Baba au rhum is the signature dessert at Stohrer, which sells a collection of French pastry classics including Saint-Honoré, macarons and chocolate éclairs. “Our grandmother, who cooked divinely, took great pleasure in preparing baba au rhum to show how much she loved us, and she passed on her love of good food to all of us Dolfi kids,” says Dolfi.

The making of baba au rhum

The plain pastry is a yeasted dough (or cork-shaped savarin, for those who know their pastries) left out to dry for at least 24 hours before being soaked in a boozy sugar syrup. Fans of the late Julia Child might remember her baba au rhum episode on PBS’s “The French Chef,” when she opened her show with vigorous slapping of unleavened dough on her kitchen counter, telling her audience that the timeless French dessert is “lots of fun to make, and it’s just deliciously fattening to eat, so you have to be a little bit careful.” Child assures her audience that while the bread-like cake can be intimidating to the novice chef, it can lead to other great bakes like “rolls, and fancy breads, and croissants, and brioche.”

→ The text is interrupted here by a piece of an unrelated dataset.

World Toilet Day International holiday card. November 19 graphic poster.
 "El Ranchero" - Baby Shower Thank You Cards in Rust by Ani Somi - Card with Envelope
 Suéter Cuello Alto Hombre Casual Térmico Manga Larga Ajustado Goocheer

Babas Au Rhum | The French Chef Season 3 | Julia Child

The dough seems to be contradictory in method: The sweetened yeasted bread is made with an exorbitant amount of butter to get a softer-than-usual crumb and then dried out, only to then be plumped up again with a syrup of rum and sugar. This process leads to the most superbly tasting baba au rhum, says Tana Rattananikom, head chef of Cumulus Inc., a restaurant in Melbourne, Australia, that serves its baba with aged rum and crème diplomat. “It will take some time [to master], and every step is important, so if you are making this at home expect failure before success, but once perfected, you will reap the rewards,” says Rattananikom.

For French chefs, the baba au rhum is a rite of passage.

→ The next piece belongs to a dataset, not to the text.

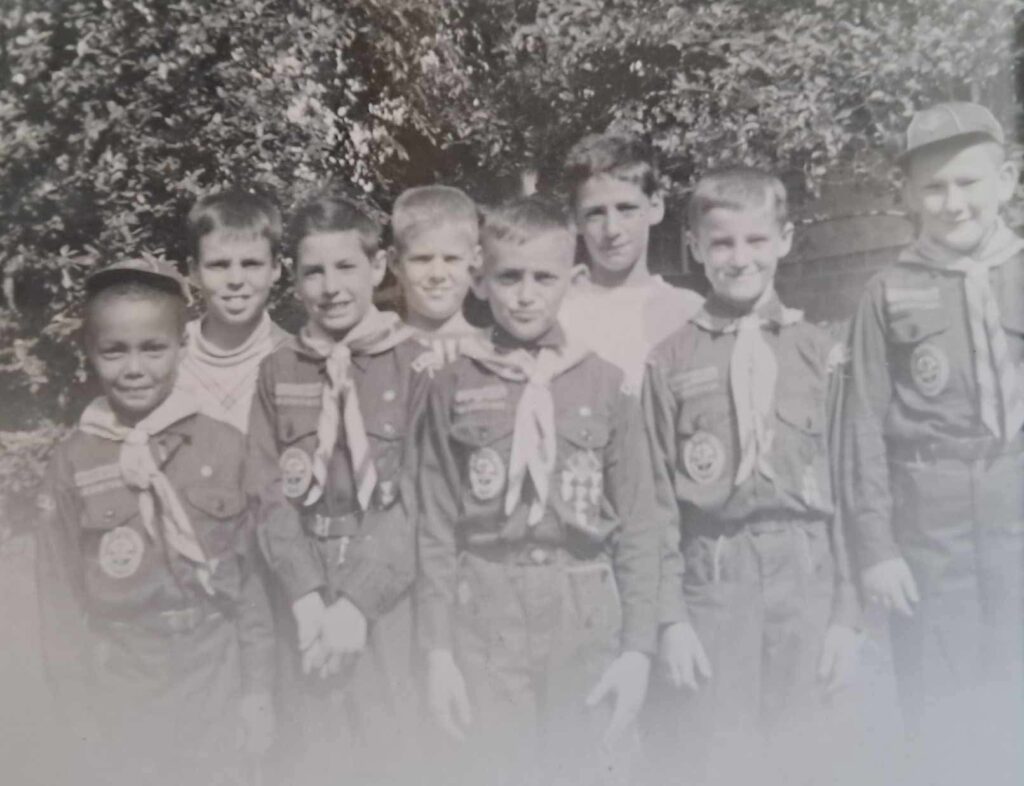Cub scouts b&w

“The baba au rhum was one of the first desserts I made as an apprentice at my father’s bakery in France,” says Florian Tetart, chef instructor at Auguste Escoffier School of Culinary Arts in Boulder, Colorado. “My initial attempts were either too soaked or too dry. Achieving a great baba au rhum requires finding the perfect temperature and timing.”

Chef Louis Philippe Vigilant of La Côte d’Or, a two-Michelin-star restaurant in France’s Burgundy region, has made the rum-soaked dessert for more than two decades. “The baba au rhum is one of the first desserts we learned at culinary school, because the foundation of a great baba au rhum is the ‘sponge,’” says Vigilant. Now, the dessert is more than just a daily chore for gastronomes who visit his revered restaurant in the south of France, where rum is as prevalent as wine.

“I have always loved making baba au rhum because it reminds me of home,” says the chef, who was born in Martinique. “I remember when I was a child, I tasted the dessert for the first time, and I was drunk immediately. I was just 10 years old, but the memory has stayed with me.”

Chef Louis Philippe Vigilant
Chef Louis Philippe Vigilant (right) works in the kitchen of La Côte d’Or, a two-Michelin-star restaurant in France’s Burgundy region. Olivier Chassignole/AFP via Getty Images

Can you ever overdo the booze? Vigilant doesn’t think so. It’s not like pure alcohol is poured over the dessert; alcohol is added to the syrup in an amount based on personal preference.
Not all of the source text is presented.